To a certain extent, this is familiar ground.  It’s the old problem of the forest and the trees, the challenge of finding a place to stand.  It’s the question of vision – of acquiring and practicing a particular way of seeing.  But it’s something else as well.

We might elucidate by saying that perspective is vision turned inside out.  If vision is a supernatural gift, a bequest from beyond, then perspective is the inner landscape that takes shape behind the eye as the gift is integrated into the self and begins to weave its spell and work its peculiar magic.  It’s the full broad span of the soul’s measureless inward universe sharpened to a point and brought to bear upon the random swirl of disconnected objects that constitute the external world.  As it brings these objects into focus, perspective reflects the light of vision back into the outer darkness, gently coaxing meaning out of chaos.  The Germans call this phenomenon Weltanschauung, a word which has been rendered into English as worldview and understood as a kind of “philosophy of life.”

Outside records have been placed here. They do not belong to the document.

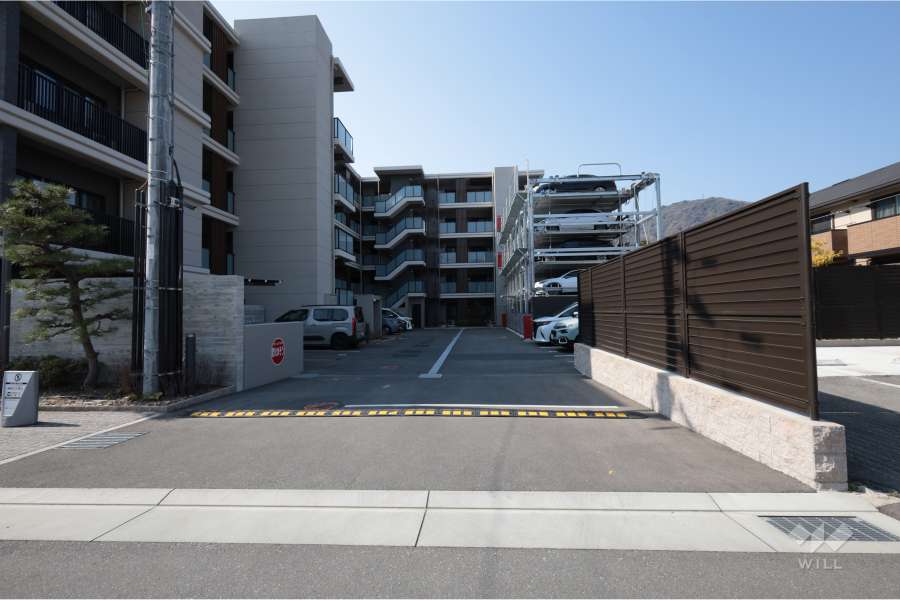 駐車場の出入り口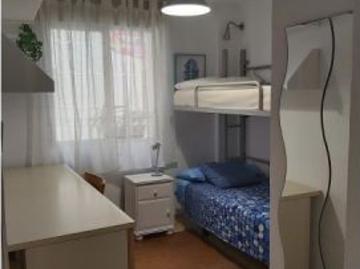 Alquiler de habitaciones en piso de 3 habitaciones en Cádiz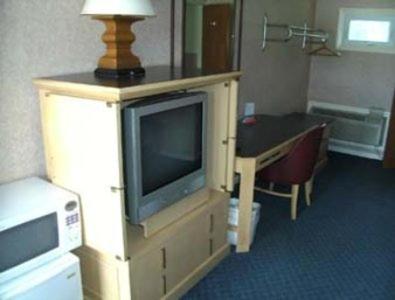 Double Room with Two Double Beds - Photo 3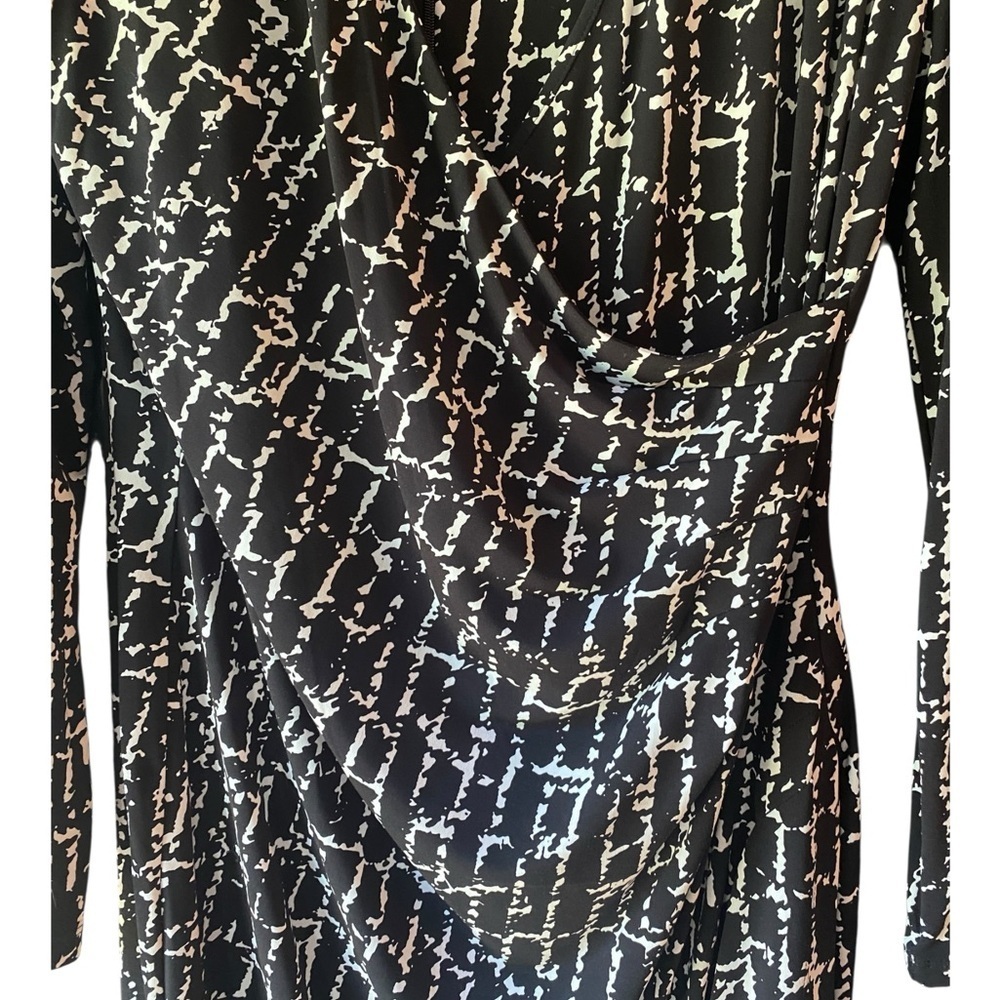 Calvin Klein Black and White Long Sleeve Faux Wrap Dress. Size 12 - Picture 5 of 13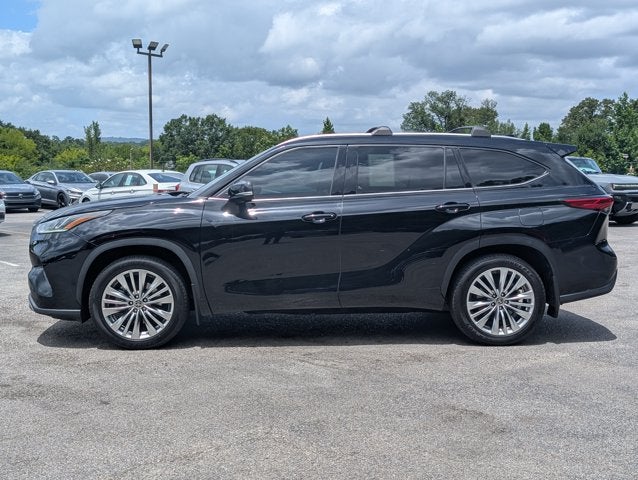 2023 Toyota Highlander Platinum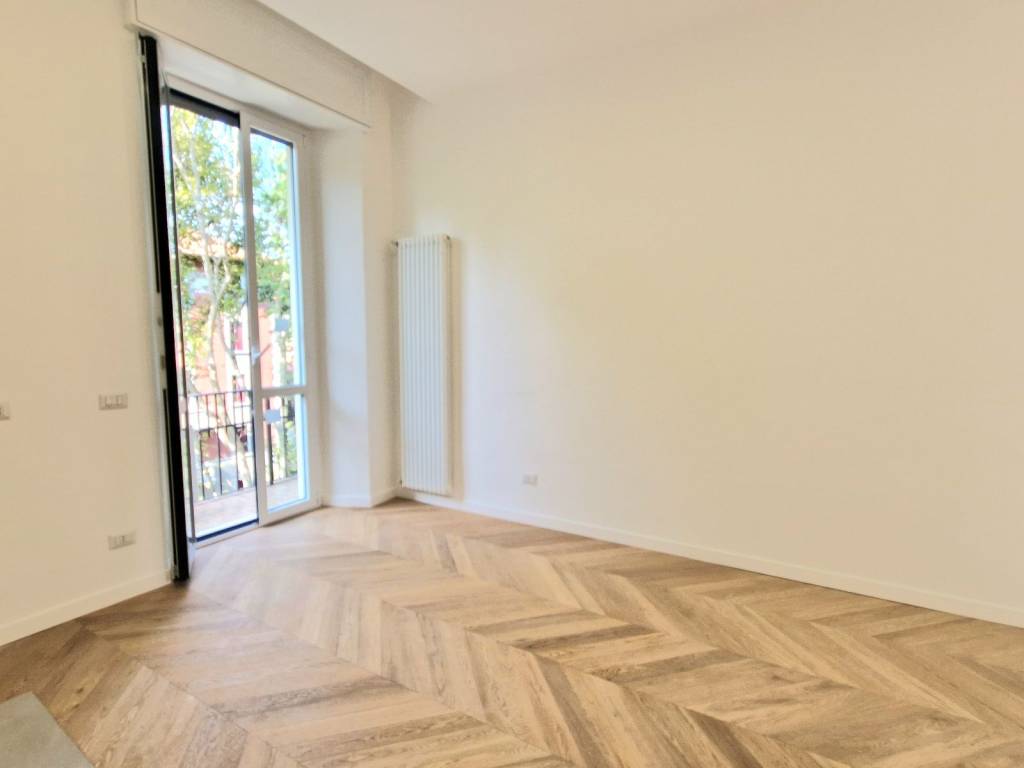 appartamento in vendita a Milano in zona Lorenteggio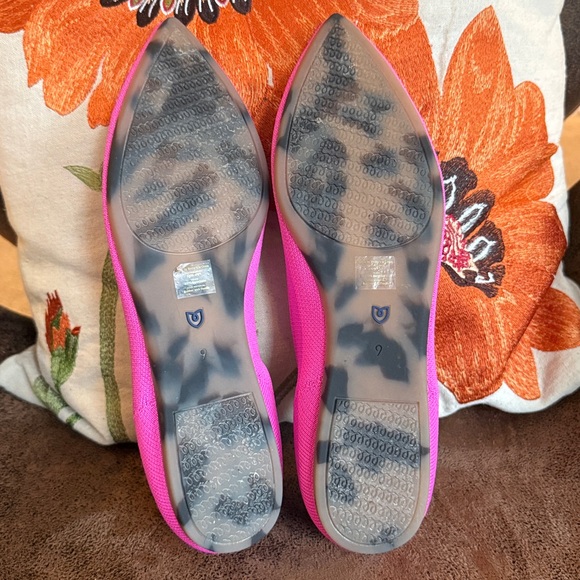 ROTHY’s POINT DRAGON FRUIT FLATS EUC $88 PRICE FIRM SIZE 9 - Picture 9 of 13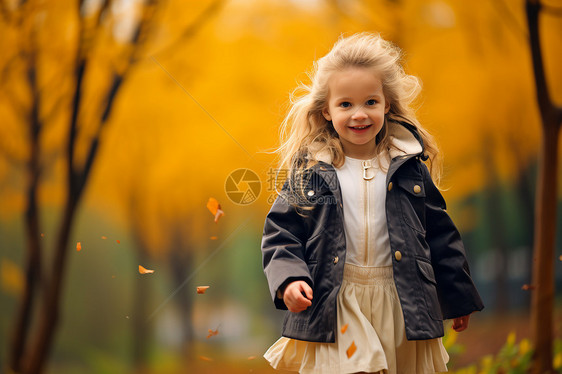 秋季公园里的女孩图片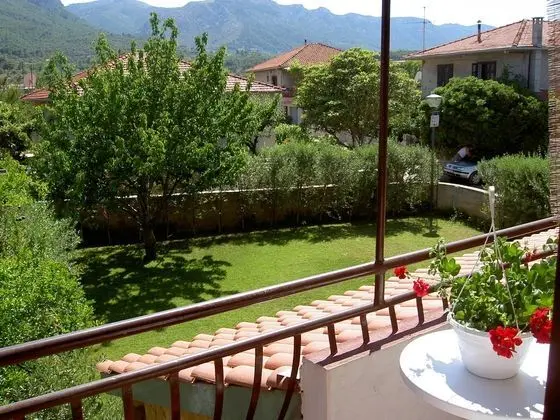 S3 - Double Room With Private Bathroom Next Door in Jelsa on Hvar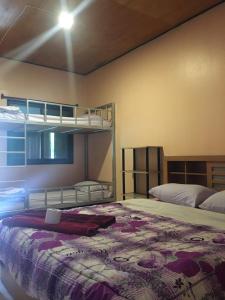 1 dormitorio con 2 literas y techo en Chian Guesthouse, en Chiang Rai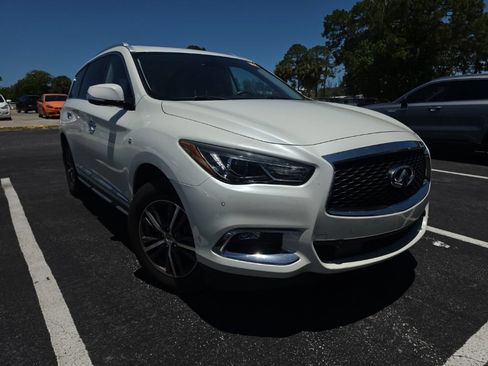Used 2019 INFINITI QX60 Luxe w/ Essential Package FWD image 3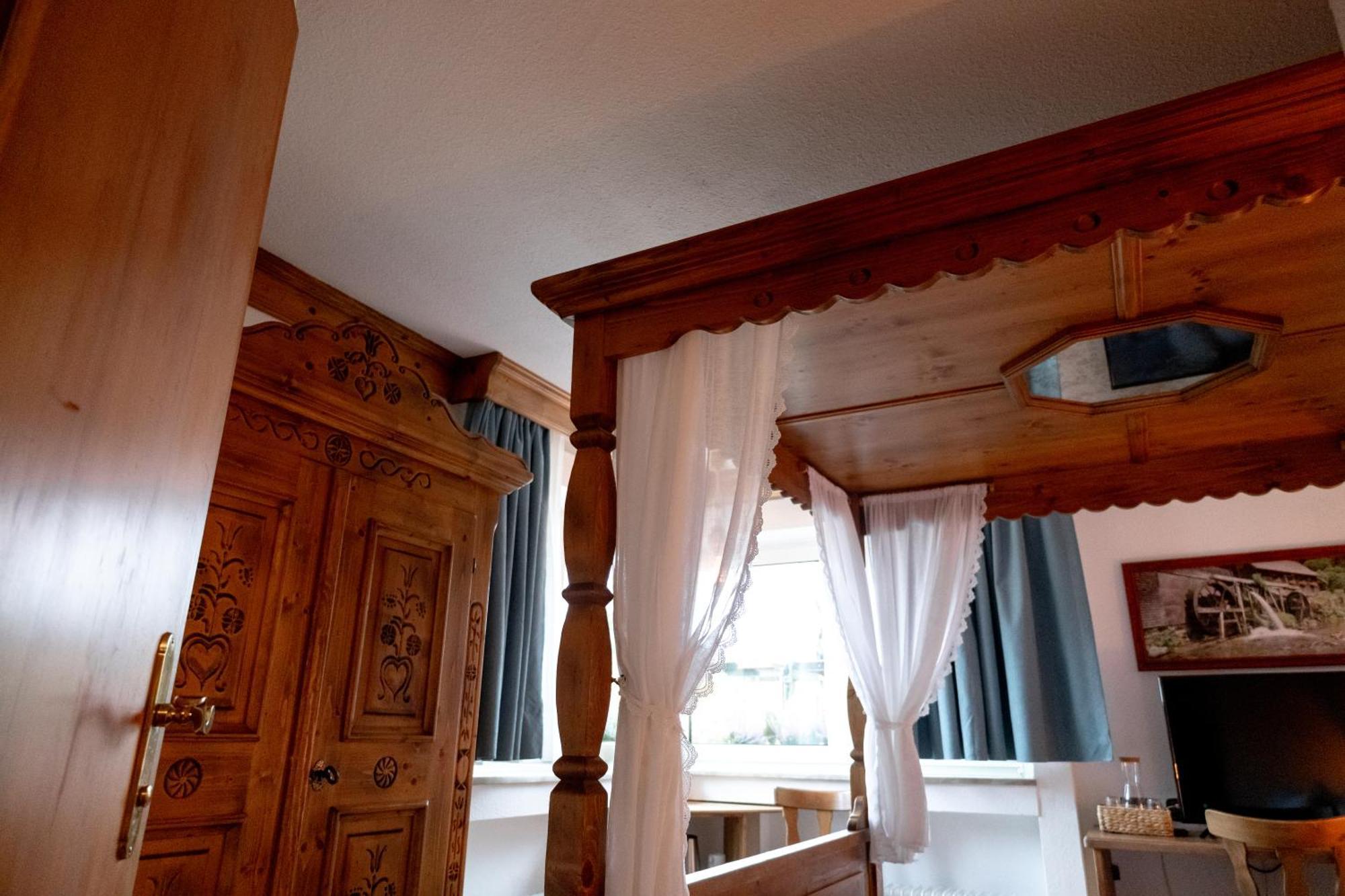 Hotel Zum See, Titisee Bagian luar foto
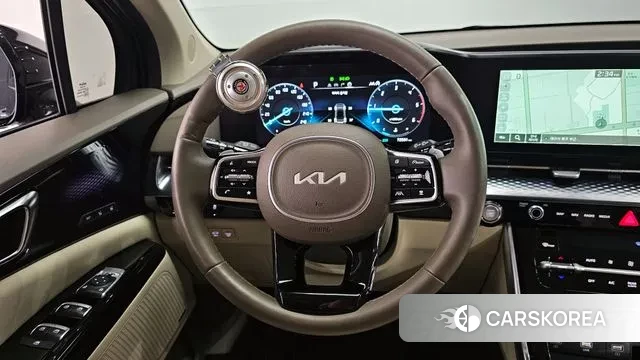 Kia Carnival 4th generation 2023 Черный из Кореи, фото 5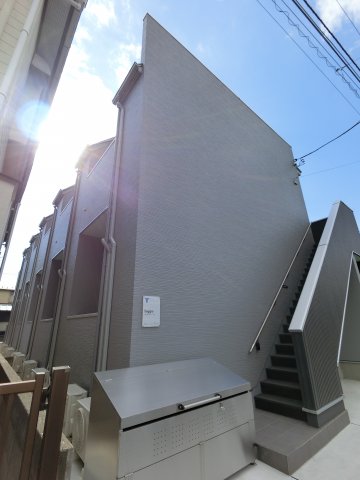 ＪＲ総武線 新検見川駅 徒歩6分 築9年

The Pilgrim, of course, has no “philosophy of life” in the usual sense of the term.  There is no “ism” or “ology” to which he subscribes or owes undying allegiance (“isms” and “ologies” being nothing but manifestations of the kosmos).  The Pilgrim has only a Road to travel and a Leader to take him over it.  His single task is to keep his eye fixed upon the Guide.  To the extent that he does this faithfully and consistently, the Image of his Master swells and grows until it occupies his entire field of vision.  And when in time – a year, perhaps, or an entire life-span – he is able to say in sincerity and truth that, for him, there is no other in the whole of earth and heaven, then, in that moment, he finds the Pilgrimage achieved.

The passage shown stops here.